If you had to describe your writing to somebody who has never heard of you or read one of your books, what would you say?

It’s edgy subject matter written in verse. It is hard to describe. It’s interesting because it is definitely reaching this giant cross-over market. I hate to describe it as young adult. I hate to describe it as young adult because I don’t like to limit it. I hate to describe it as verse because there are people who go “It’s like poetry?”So it’s like narrative verse, it’s story all the way through. It’s poetry that tells the story in a finite amount of words with a lot of visual interest to it. Cutting edge, how’s that?

How did you begin writing, especially in your genre?

“Crank” is my first novel. At the time I was freelancing. I was writing some children’s non-fiction. And “Crank” is a very personal story because the story is loosely based on my daughter’s story. It was a story I had to tell kind of for me, rather than a wider audience. But while I was writing the book I started to see how important the story was:  Addiction happens to everybody. It touches everybody’s lives. I don’t know anybody that wasn’t affected by addiction in some way. So as I’m writing the story it became a bigger story than me. It became about a wider audience than me. How I started writing in verse is interesting. I started the book as prose, but I wanted to write from Kristina, from my daughter’s point of view. The voice to me was too angry; it was my voice and not hers. Poetry allowed me to pull into her head and tell the story through her eyes, which was important to me.

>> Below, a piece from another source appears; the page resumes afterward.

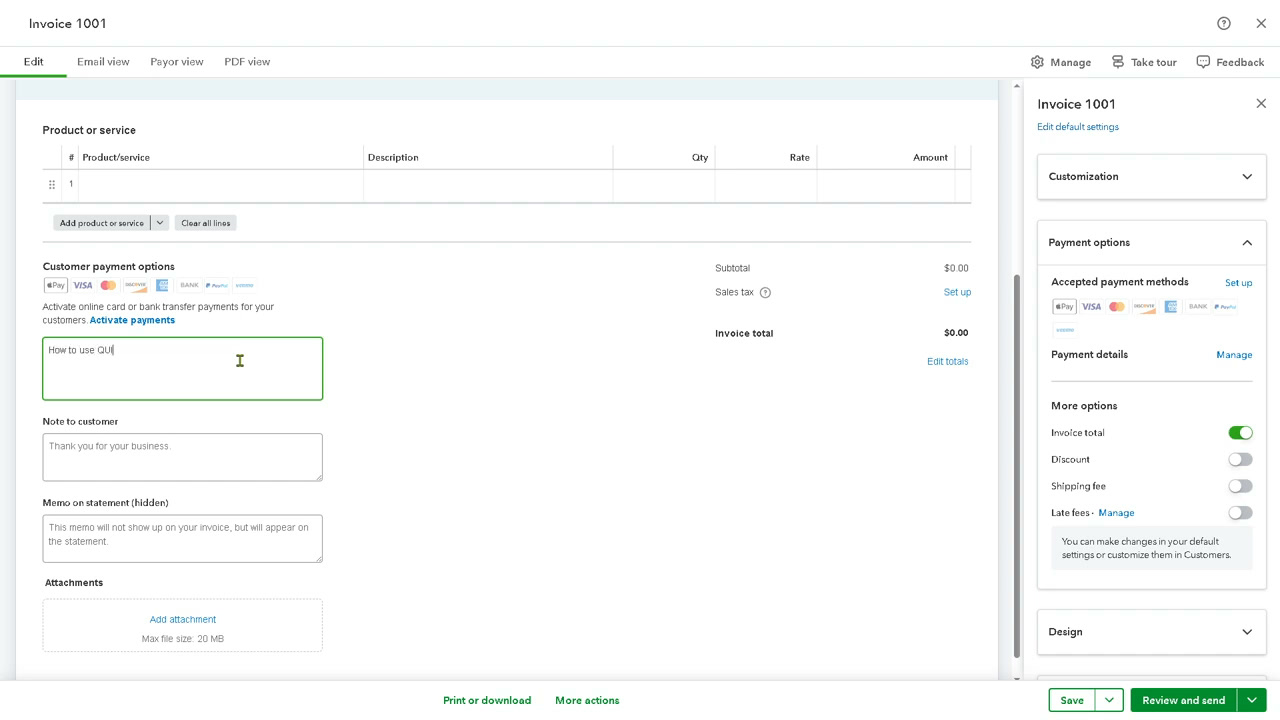 QuickBooks Solopreneur invoice editor with product or service lines and customer payment options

I wanted to offer insight into the nature of meth. It’s a different nature than other drugs, how fast it works and how fast you can lose someone. The drug starts talking and it’s not always their choice to walk out. Even if it’s happening you can go beyond that. Hopefully the books give hope and insight into the person doing (drugs) and everyone around them.

Can you tell me more about your newest book “Flirtin’ With the Monster?”

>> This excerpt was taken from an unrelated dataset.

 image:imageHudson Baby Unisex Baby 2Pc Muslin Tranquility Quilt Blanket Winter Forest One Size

It’s not a novel. It’s a collection of essays talking about Kristina’s story. There are essays from a judge, a drug counselor and five from her family:  my husband, Kristina, her son Hunter, her sister Kelly and myself. We all told some of our stories and looked at things from vastly different points of view.

“Tricks”is coming out this summer. That’s about five teens falling into prostitution. That will be out in August. So that’s in production now, so I’m working on proofs and all that. Then I’m writing “Fallout,”which is the third and final Kristina book. Because I don’t want to write the same story I’m writing it from the points of view of three of her kids when they are teens. Dealing with her addiction and desertion and what their lives have become because of that. That’s what I’m doing now.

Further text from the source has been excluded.